Bragan, stressed from countless hours of pondering Spacemath, vacations to Japan where he brings along a Venus Flytrap. When Bragan arrives he realizes he is destined to prove everyone wrong, and he decides to prove man has descended from plant by fusing the land based Venus Flyrap with a similar aquatic plant. And wouldn’t you know it, Bragan’s creation looks exactly like a man dressed up as plant! In one particularly intimate moment, Bragan has a nighttime pep talk with his plant, in which he whisper-yells, “You’ll become the most powerful thing on this universe!” (Yes, the NASA mathematician believes things can be on and not in the universe) Of course, the carnivorous creation develops an appetite for living things, starting with some insects, then farm animals, a few puppies, and mauling a human or two.

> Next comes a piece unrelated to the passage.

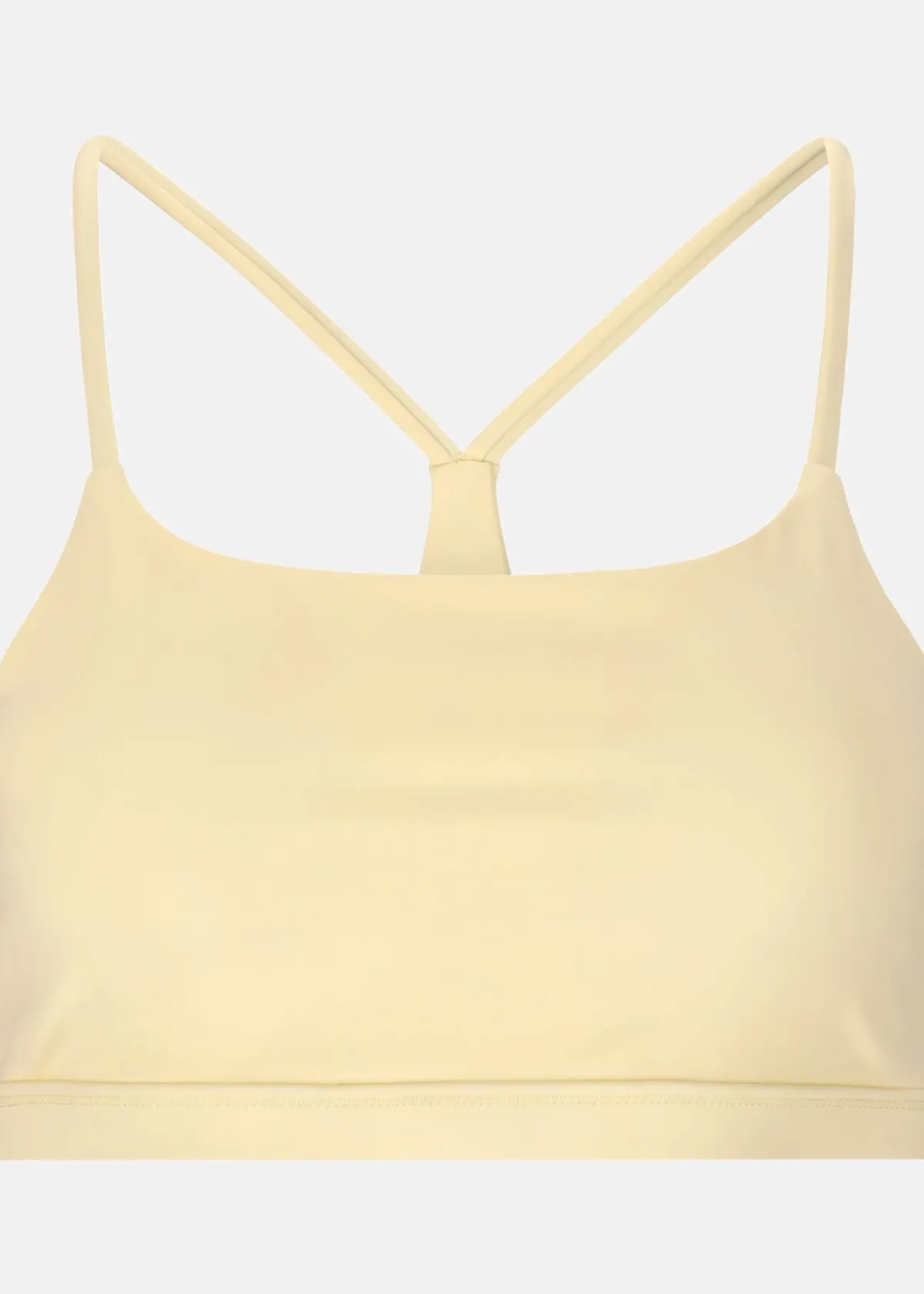 Athlecia Blossom W Sports Bra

The film was clearly a very un-loose adaptation of “Frankenstein,” from the mob that chases the creature, to the lightning that assists in the creation of the monster. In fact, I would have much preferred to watch the worst “Frankenstein” film ever made. It would have been better than this. I mean, come on guys! You couldn’t even get “Frankenstein” right!

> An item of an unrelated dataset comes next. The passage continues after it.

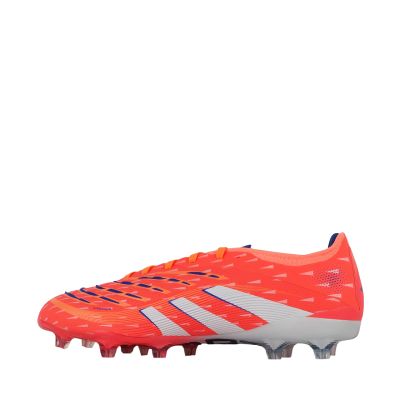 adidas Stivali Predator Pro FG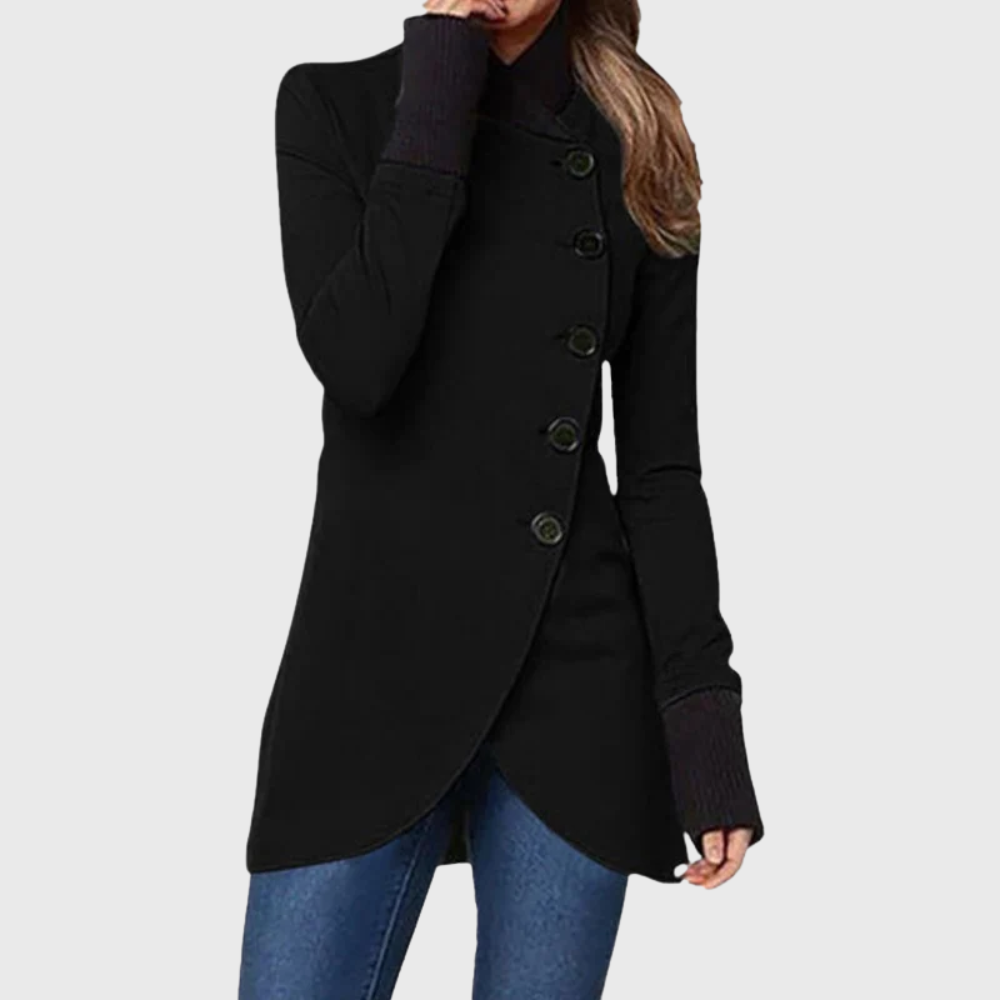 Warm Winter Coat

What makes this film so bad? Was it the Ed Wood staple of using stock footage of things like volcanoes gushing lava or rockets shooting into space? No. Was it a romantic plot between Bragan and his assistant that emanates a Microsoft Sam type love affair? No. Was it the incomprehensible pacing of the film, focusing on unimportant scenes for the majority of the runtime? Nope. What makes this film so bad is that it possesses so little of the charm that I have witnessed in other Ed Wood films or other B-Movies. Save for an unforgettably ridiculous final death scene, the movie showed nothing that I would be interested in talking about, for good or for bad.

How did I feel about the film? I’ll be honest; it took me a lot to stay awake through it. I revisited the specific scenes multiple times, trying to find some thread of saving grace. Alas, my efforts were for naught. I wanted to give this film the benefit of the doubt and to allow it to wash over my senses and so that I could escape into the story. But it was just too bad. My eyes hurt, my ears hurt, my brain hurt. Seriously, why did I think watching any of these movies would be a good idea? This was just the first one! Oh, boy. I will pray tonight for the strength to sit through another one of these monstrosities. And if you have any interest in watching a truly terrible movie, this one is for you. I give this movie the lowest possible rating, and I am now going to reassess my life as I know it.